From: Amit Langote <amitlangote09(at)gmail(dot)com>
To: Seamus Abshere <seamus(at)abshere(dot)net>
Cc: PostgreSQL-development <pgsql-hackers(at)postgresql(dot)org>
Subject: Re: A reloption for partitioned tables - parallel_workers
Date: 2021-02-16 06:05:50
Message-ID: CA+HiwqFHZ6Zyt5W7Ld-+6joBs1ii9Q1w_u5eNOc9=0m_6jeXAw@mail.gmail.com
Views: Raw Message | Whole Thread | Download mbox | Resend email
Thread:
Lists: pgsql-hackers

Hi Seamus,

Please see my reply below.

On Tue, Feb 16, 2021 at 1:35 AM Seamus Abshere <seamus(at)abshere(dot)net> wrote:
> On Mon, Feb 15, 2021, at 3:53 AM, Amit Langote wrote:
> > On Mon, Feb 15, 2021 at 5:28 PM Seamus Abshere <seamus(at)abshere(dot)net> wrote:
> > > It turns out parallel_workers may be a useful reloption for certain uses of partitioned tables, at least if they're made up of fancy column store partitions (see https://www.postgresql.org/message-id/7d6fdc20-857c-4cbe-ae2e-c0ff9520ed55%40www.fastmail.com).
> > >
> > > Would somebody tell me what I'm doing wrong? I would love to submit a patch but I'm stuck:
>
> > You may see by inspecting the callers of compute_parallel_worker()
> > that it never gets called on a partitioned table, only its leaf
> > partitions. Maybe you could try calling compute_parallel_worker()
> > somewhere in add_paths_to_append_rel(), which has this code to figure
> > out parallel_workers to use for a parallel Append path for a given
> > partitioned table:
> >
> > /* Find the highest number of workers requested for any subpath. */
> > foreach(lc, partial_subpaths)
> > {
> > Path *path = lfirst(lc);
> >
> > parallel_workers = Max(parallel_workers, path->parallel_workers);
> > }
> > Assert(parallel_workers > 0);
> >
> > /*
> > * If the use of parallel append is permitted, always request at least
> > * log2(# of children) workers. We assume it can be useful to have
> > * extra workers in this case because they will be spread out across
> > * the children.
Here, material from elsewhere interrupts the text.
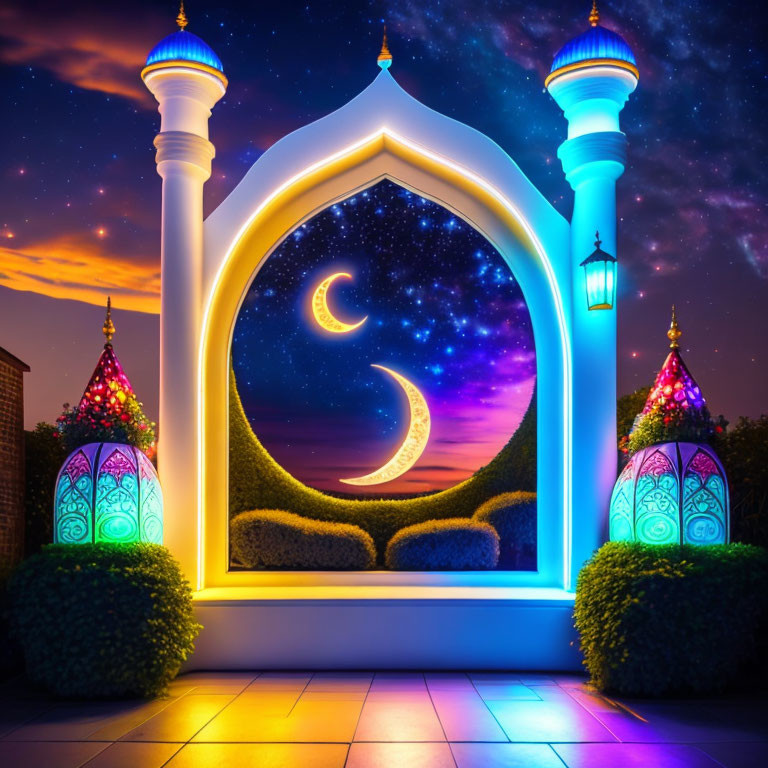 Ornate archway with lanterns under crescent moon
The precise formula is just a guess, but we don't
> > * want to end up with a radically different answer for a table with N
> > * partitions vs. an unpartitioned table with the same data, so the
> > * use of some kind of log-scaling here seems to make some sense.
> > */
> > if (enable_parallel_append)
> > {
> > parallel_workers = Max(parallel_workers,
> > fls(list_length(live_childrels)));
> > parallel_workers = Min(parallel_workers,
> > max_parallel_workers_per_gather);
> > }
> > Assert(parallel_workers > 0);
> >
> > /* Generate a partial append path. */
> > appendpath = create_append_path(root, rel, NIL, partial_subpaths,
> > NIL, NULL, parallel_workers,
> > enable_parallel_append,
> > -1);
> >
> > Note that the 'rel' in this code refers to the partitioned table for
> > which an Append path is being considered, so compute_parallel_worker()
> > using that 'rel' would use the partitioned table's
> > rel_parallel_workers as you are trying to do.
>
> Here we go, my first patch... solves https://www.postgresql.org/message-id/7d6fdc20-857c-4cbe-ae2e-c0ff9520ed55@www.fastmail.com

Thanks for sending the patch here.

It seems you haven't made enough changes for reloptions code to
recognize parallel_workers as valid for partitioned tables, because
even with the patch applied, I get this:

create table rp (a int) partition by range (a);
create table rp1 partition of rp for values from (minvalue) to (0);
create table rp2 partition of rp for values from (0) to (maxvalue);
alter table rp set (parallel_workers = 1);
ERROR: unrecognized parameter "parallel_workers"

You need this:

diff --git a/src/backend/access/common/reloptions.c
b/src/backend/access/common/reloptions.c
index 029a73325e..9eb8a0c10d 100644
--- a/src/backend/access/common/reloptions.c
+++ b/src/backend/access/common/reloptions.c
@@ -377,7 +377,7 @@ static relopt_int intRelOpts[] =
{
"parallel_workers",
"Number of parallel processes that can be used per
executor node for this relation.",
- RELOPT_KIND_HEAP,
+ RELOPT_KIND_HEAP | RELOPT_KIND_PARTITIONED,
ShareUpdateExclusiveLock
},
-1, 0, 1024

which tells reloptions parsing code that parallel_workers is
acceptable for both heap and partitioned relations.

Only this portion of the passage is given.